My new (as of Jan.) teaching gig is with Christopher Newport University. CNU itself is an interesting institution, one that provides hope that American academia won’t eventually split apart into a Red system and a Blue one, and that college costs can be kept under control. And it hosts, with outside donor help, the fine Center for American Studies, under whose auspices I am a visiting faculty post-doc, and which recently put on an excellent conference on FDR’s legacy.

Today we put up videos for most of the talks at the conference, and while the keynote by Stanford historian David M. Kennedy is excellent, the one you really want to check out is the brief lunch talk by UVA political scientist Sidney M. Milkis. Milkis is more well-known for his scholarship on the presidency, but he’s also done important work on the development of American liberalism in the 20th century, most notably by editing three books with Jerome Mileur on the Progressive Era, the New Deal, and the Great Society respectively. The New Deal volume features his essay on FDR as attempting a “Second Founding” with his articulation of his Four Freedoms and his Second Bill of Rights; it is from this essay that his talk at CNU was adapted.

freedom from want image

I agree with Milkis that the importance of FDR’s constitutional re-founding rhetoric, particularly as exemplified in his Second Bill of Rights (scroll down) cannot be underestimated. Some of those rights were rights to a decent job, housing, education etc. Indeed, if you watch Milkis’s talk, you’ll see that at the end he provides a lengthy answer to an inaudible question from a gentleman in the audience. The question had to do with whether it was appropriate to imply that the American people had “so to speak” adopted his Second Bill of Rights without having gone through the process of amendment, indeed, without FDR even calling for this process. (I know the content of the question because I was the gentleman who asked it!) Sid gives a good answer, but he’s ultimately not as critical of FDR’s constitutional rhetoric as I would have liked him to be…indeed, I interjected at one point that I would have been fine with the speech if FDR had merely said we had adopted a new set of values or goals.

Anyhow, check it out.

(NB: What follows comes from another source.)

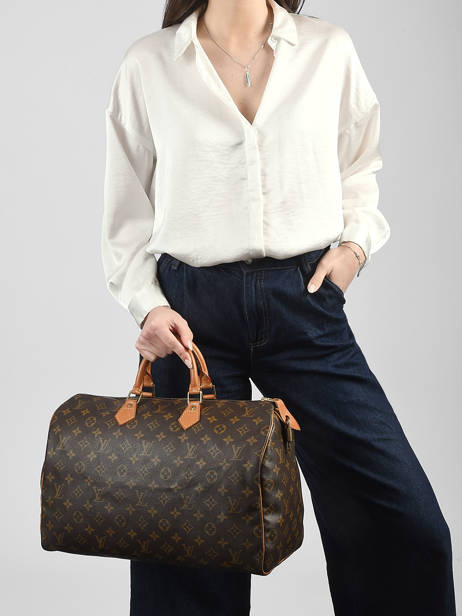 Handtas Second Life Louis vuitton Bruin second life 4O756WUA ander zicht 1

Sid’s a lot of fun, and a great scholar.

6 Comments

    ken masugi
    March 15th, 2013 | 4:22 pm

    Thanks, I’ll try to get to these. Sid’s book on TR and Progressivism is important and forces us to think more clearly about realignment. Are there books better than his on FDR? Please recommend any. Finally, was anything interesting said about Japanese relocation in WWII? I sense some revisionism among serious historians.

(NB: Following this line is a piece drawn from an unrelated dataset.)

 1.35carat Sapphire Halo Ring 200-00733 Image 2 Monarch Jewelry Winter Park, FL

    Sidney Milkis on FDR’s 2nd Bill of Rights - CATHOLIC FEAST - Sync your Soul
    March 15th, 2013 | 4:32 pm

    [...] My new (as of Jan.) teaching gig is with Christopher Newport University. CNU itself is an interesting institution, one that provides hope that American academia won’t eventually split apart into a Red system and a Blue one, and that college costs can be kept under control. And it hosts, with Go to the Source: Postmodern Conservative   [...]

    Carl Scott
    March 15th, 2013 | 4:40 pm

    ken, I didn’t make the Japanese relocation talk. I’m more or less a layman when it comes to FDR…I found, like plenty of conservatives, Amity Shlaes’ The Forgotten Man illuminating, but unlike her and David M. Kennedy, I’m more interested in the constitutional stuff than the daily life in the New Deal.

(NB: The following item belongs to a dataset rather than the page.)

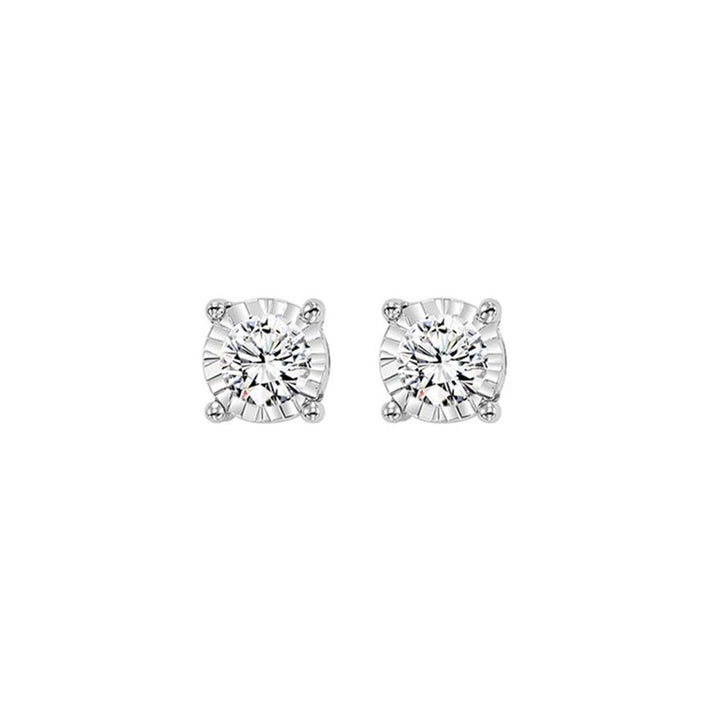 Gems One Solitaire Burst Diamond Studs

    Perhaps the most astounding talk of the conference came from the libertarian economist, Robert Higgs, author of books like this one: http://www.independent.org/store/book.asp?id=65 His talk at our conference was about the amount of federal direction of the US economy during, sort of a NRA-on-steroids situation. For some reason, we don’t have that one available on video. Maybe later.

    CJ Wolfe
    March 15th, 2013 | 4:42 pm

    Sid Milkis is one of the nicest professors I’ve ever met. He’s also written some outstanding books that have really helped my understanding of American politics. Besides the ones you mention, the book of his that I learned the most from was “The Politics of Regulatory Change: A Tale of Two Agencies” (he actually co-wrote it with Richard Harris). It’s a very important for understanding both the Administrative state

    ken masugi
    March 15th, 2013 | 4:56 pm

    Thanks, Carl. Yes, Higgs is provocative. Chris–in fact I helped Sid and Richard gather material from the EEOC when I worked there for Chairman Thomas. They were so impressed with him that Sid added Thomas to some Brandeis government studied advisory board. Subsequently, Sid and another colleague caught grief when Thomas was nominated for SCOTUS.

    paul seaton
    March 16th, 2013 | 4:45 pm

    Norman Rockwell in the tank for the New Deal! I now suspect the turkeys were stuffed with economic royalists.